(Caption-style text data)
┄┄┄┄┄┄┄┄┄┄┄┄┄┄┄┄┄┄┄┄

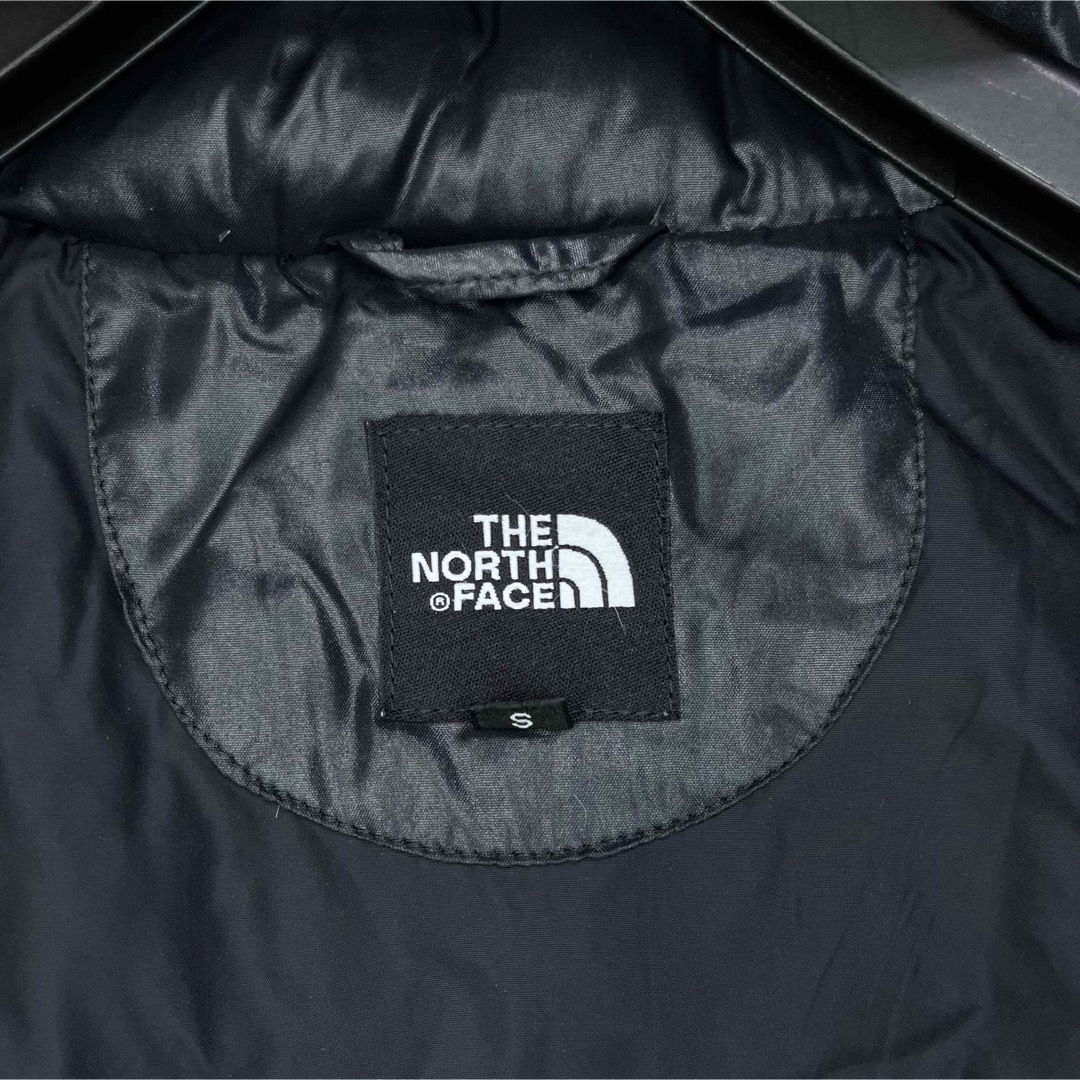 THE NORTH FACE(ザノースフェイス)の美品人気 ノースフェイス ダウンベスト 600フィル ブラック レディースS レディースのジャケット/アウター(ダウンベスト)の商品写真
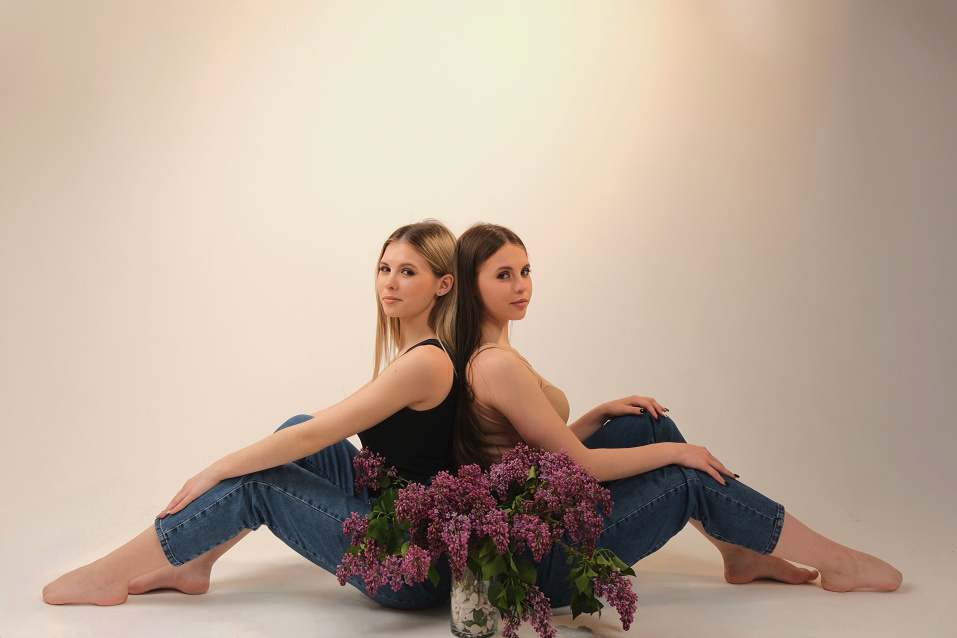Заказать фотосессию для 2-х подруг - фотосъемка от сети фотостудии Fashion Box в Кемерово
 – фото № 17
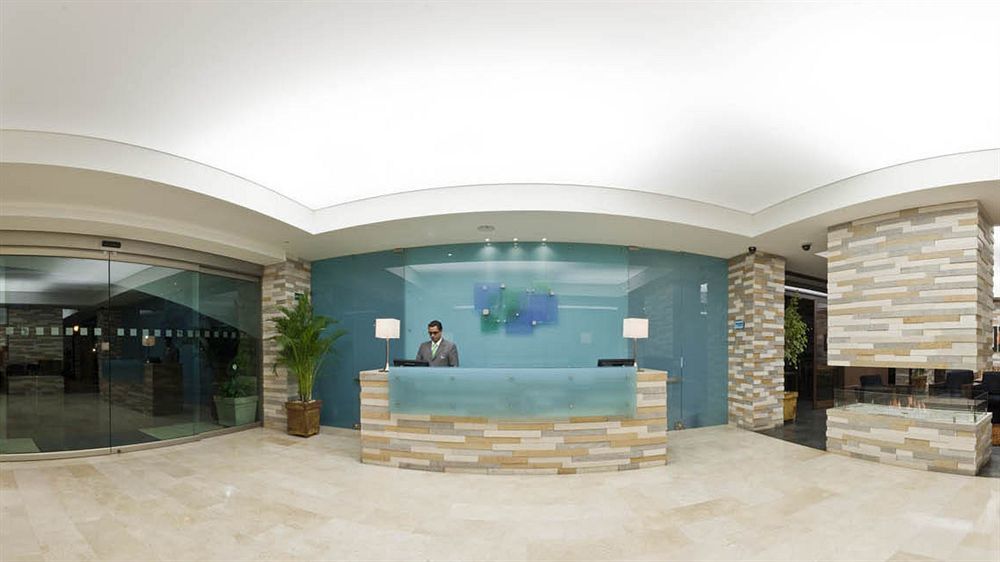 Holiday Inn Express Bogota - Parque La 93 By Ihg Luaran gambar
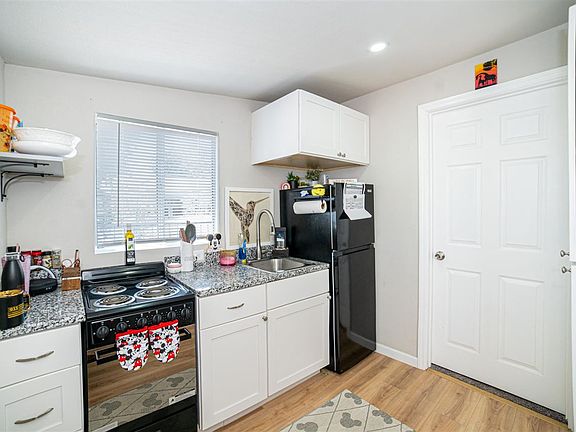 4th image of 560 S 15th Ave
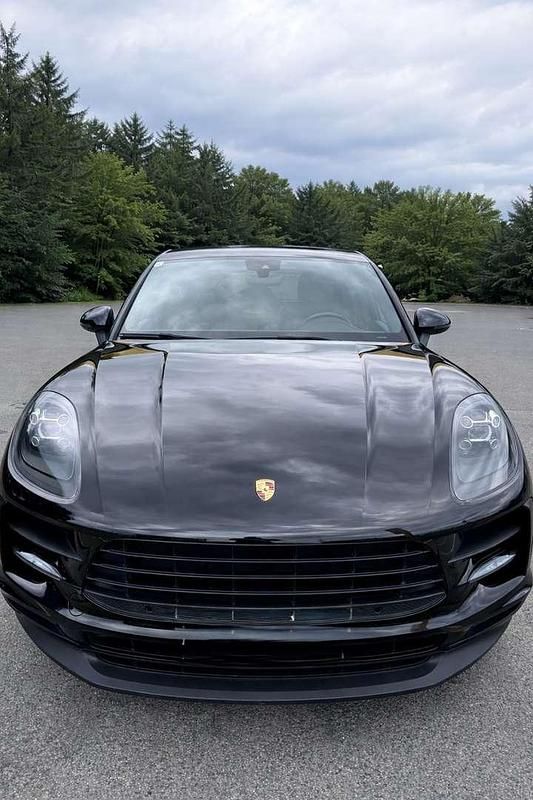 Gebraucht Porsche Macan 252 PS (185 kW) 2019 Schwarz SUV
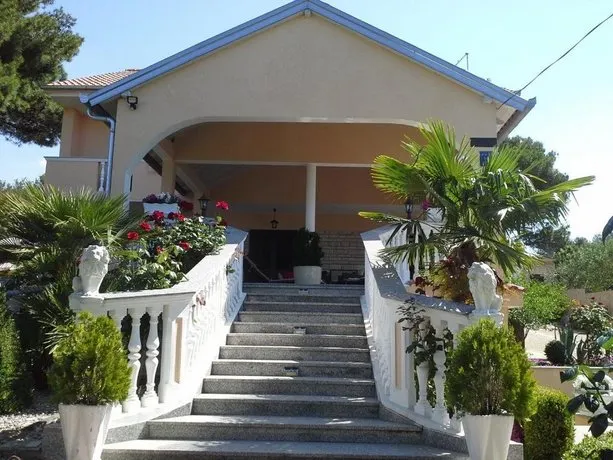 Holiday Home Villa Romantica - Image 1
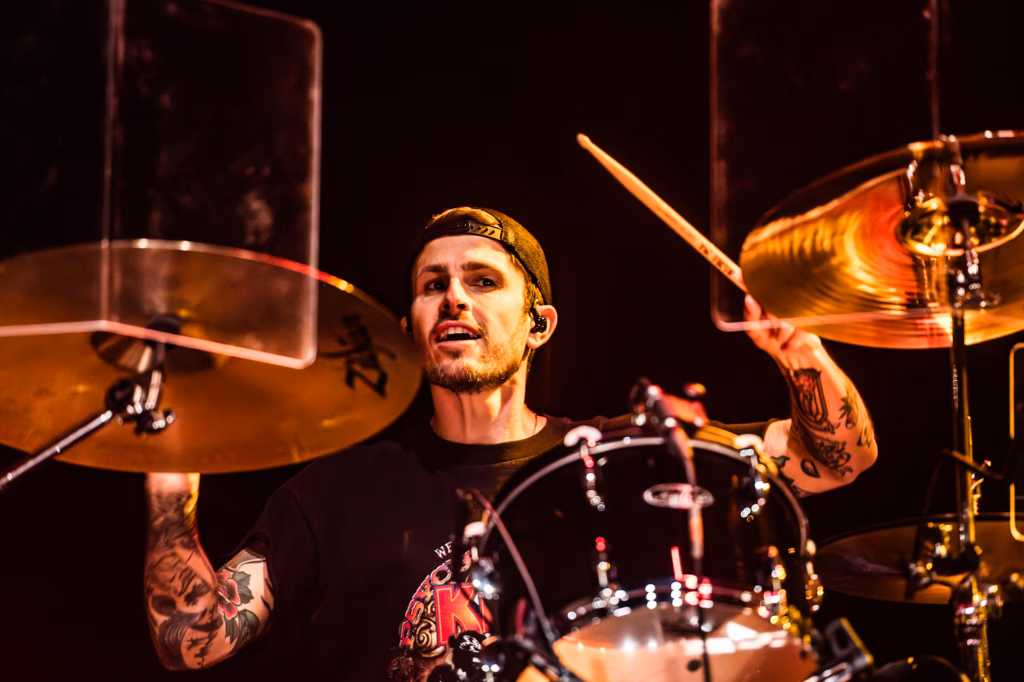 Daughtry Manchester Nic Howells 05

┄┄┄┄┄┄┄┄┄┄┄┄┄┄┄┄┄┄┄┄

### Problem
Return the opening line of the data above and every line after it up to and including the line that holds "Holiday Inn Express"; pictures stay out.

### Exercise response
 THE NORTH FACE(ザノースフェイス)の美品人気 ノースフェイス ダウンベスト 600フィル ブラック レディースS レディースのジャケット/アウター(ダウンベスト)の商品写真
Заказать фотосессию для 2-х подруг - фотосъемка от сети фотостудии Fashion Box в Кемерово
 – фото № 17
 Holiday Inn Express Bogota - Parque La 93 By Ihg Luaran gambar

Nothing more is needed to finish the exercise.